In general, he says, homeowners can recover the upfront cost in as little as three to four years—or as far out as 10 years or more—depending on local utility, state, and federal incentives, as well as the cost of electricity.
Now that China and other nations are churning out lower-cost panels, prices have dropped across the board. Improvements in technology have also driven down costs, Newman says. The Solar Energy Industries Association reported in January that prices had dropped 53% since 2010, and the National Renewable Energy Laboratory forecasts continuing double-digit declines for the next few years, although perhaps at a slower pace.

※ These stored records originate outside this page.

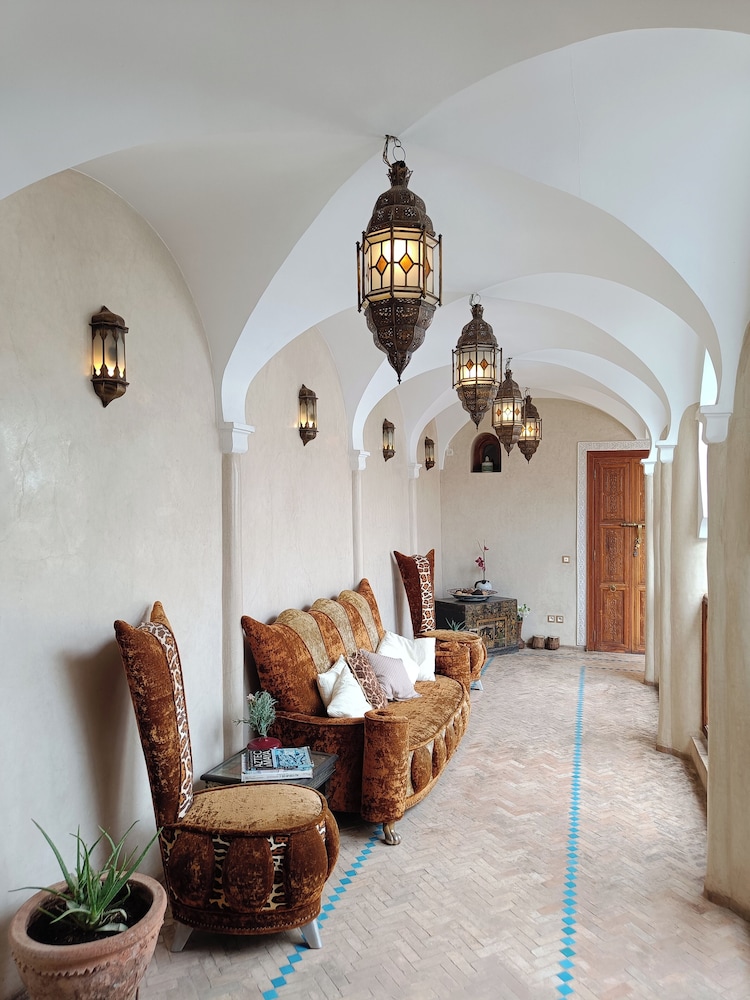 Riad Asrari 40/49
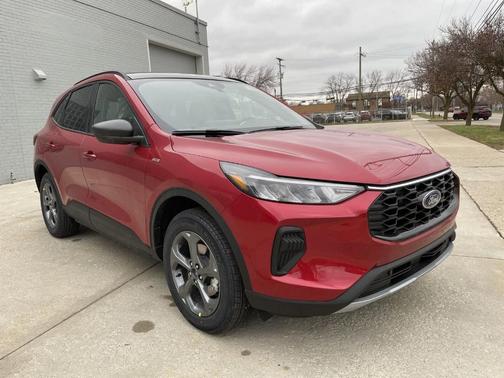 2025 Ford Escape ST-Line
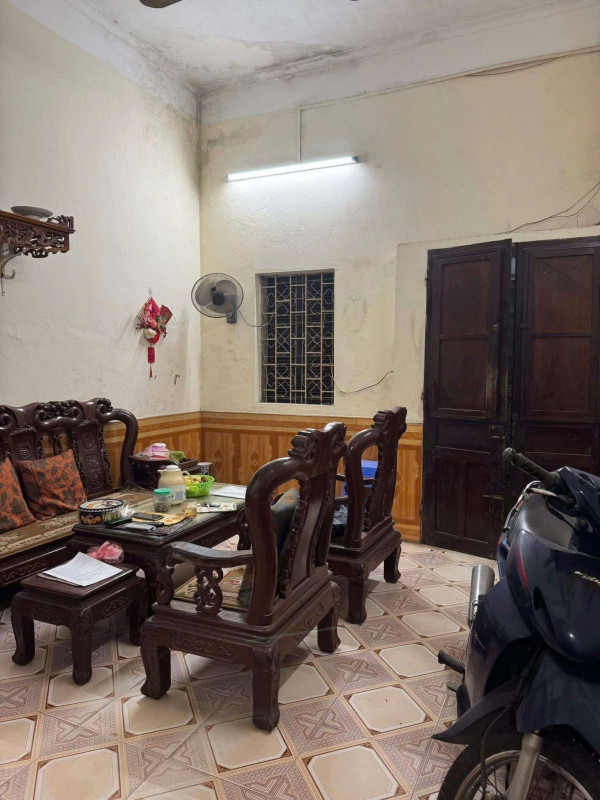Bán nhà Thuỵ Khuê (Tây Hồ) 40m, 2 tầng, mt 3.85m, giá 10.8 tỷ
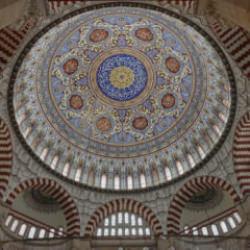 Selimiye Camisi t&uuml;m g&ouml;rkemiyle Ramazan'a hazır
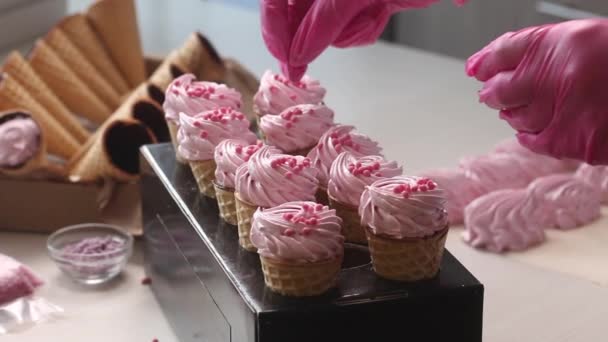 Oblatkottar Med Marshmallows Kvinna Dekorerar Marshmallows Med Dekorativa Strössel Närbild — Stockvideo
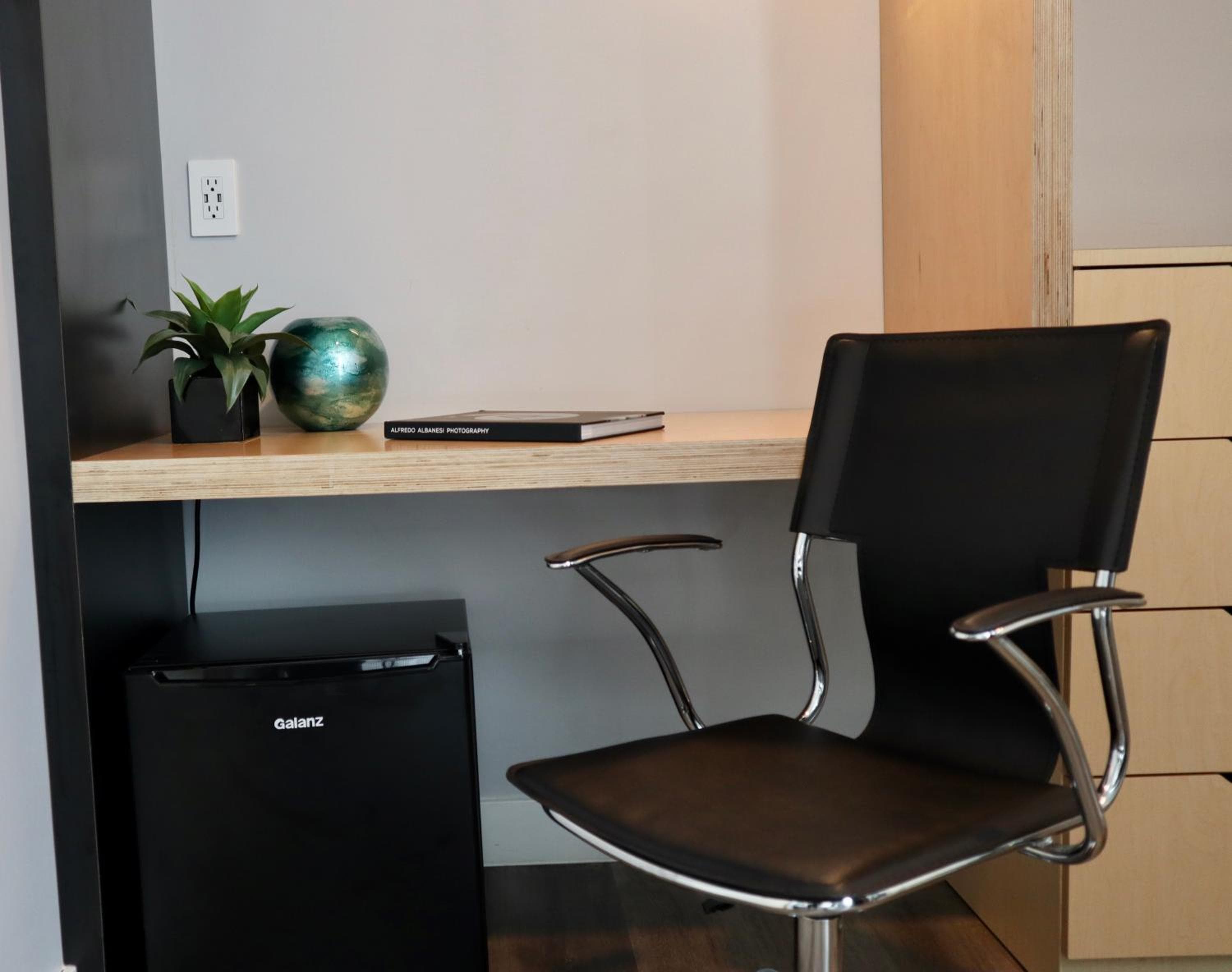 Park Plaza Lodge — 8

And companies offering solar leases allow homeowners to take advantage of lower prices without the upfront cost of buying the solar technology, or the cost and hassle of maintenance.

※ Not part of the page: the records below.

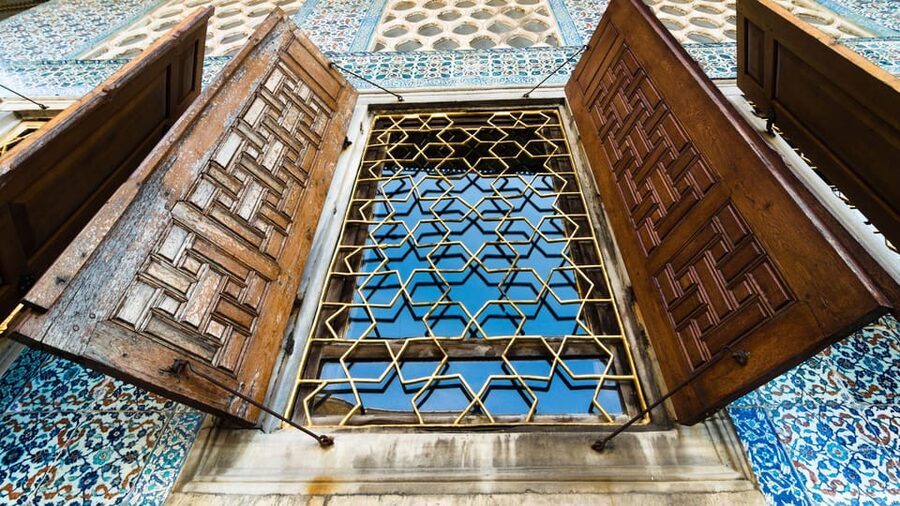 Istanbul: Topkapi Palace Guided Tour w/ Skip-the-Ticket-Line - Sacred artifacts and the Ottoman religious world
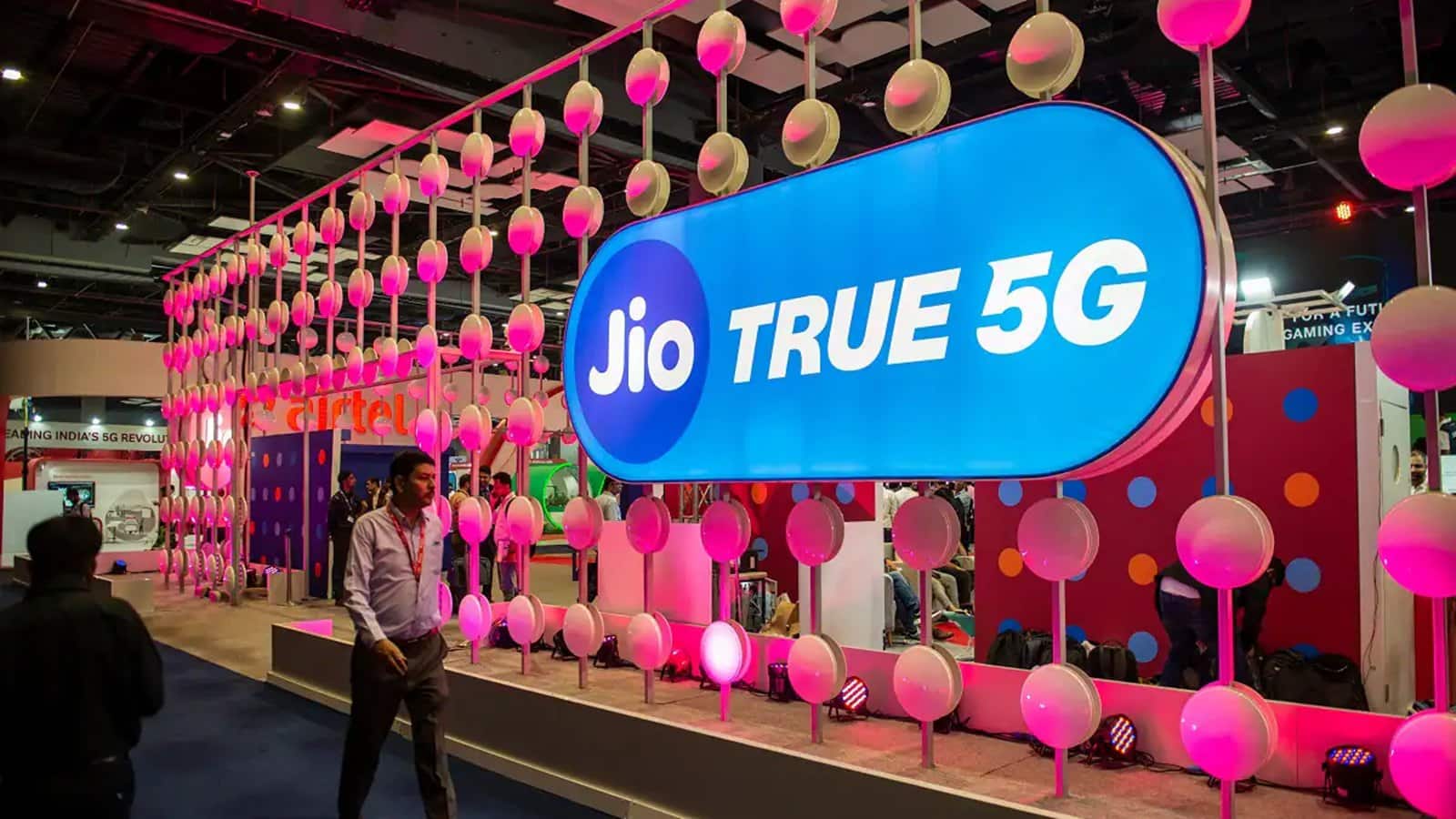 Jio Platforms Share Price: लिस्टिंग प्राइस से 4% चढ़ा शेयर, मार्केट कैप ₹13 लाख करोड़ के पार Jio Platforms Share Price: लिस्टिंग प्राइस से 4% चढ़ा शेयर, मार्केट कैप ₹13 लाख करोड़ के पार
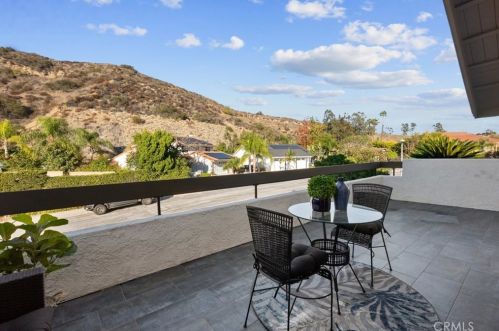 1130 Old Phillips Rd, Glendale CA  91207-1112 exterior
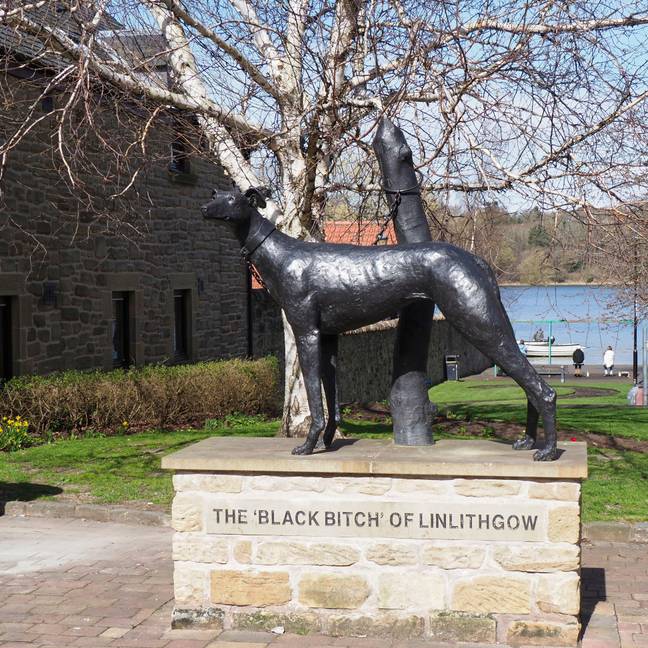 Linlithgow甚至还有一个雕像来纪念酒吧名称的历史。学分：Andy Arthur/Alamy Stock Photo
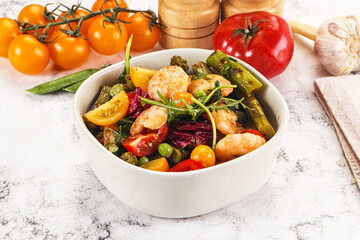 Gourmet salad with prawn and asparagus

“In every market we aim to be at least 20% cheaper than what the utility offers in that market, and sometimes we can be as much as 50% cheaper,” says Dagen Olsen, national sales trainer for LGCY Power, an authorized dealer for Sunrun, which offers solar leases.
“That precipitous drop [in solar panel prices] has a bottom, and the instability of those economics opens the door for an opposite reaction of consolidation and stability,” he said. “As such, the industry is now projecting a modest decline in material pricing to the tune of only 15% over the next two years.”
So if you’re thinking of going solar, here are some things to consider.
Is your roof too old for new technology?
Newman advises homeowners to assess the age and condition of their roof, as well as its orientation toward the sun. For maximum efficiency, panels should be installed in a place that receives optimal sunlight at peak daytime hours.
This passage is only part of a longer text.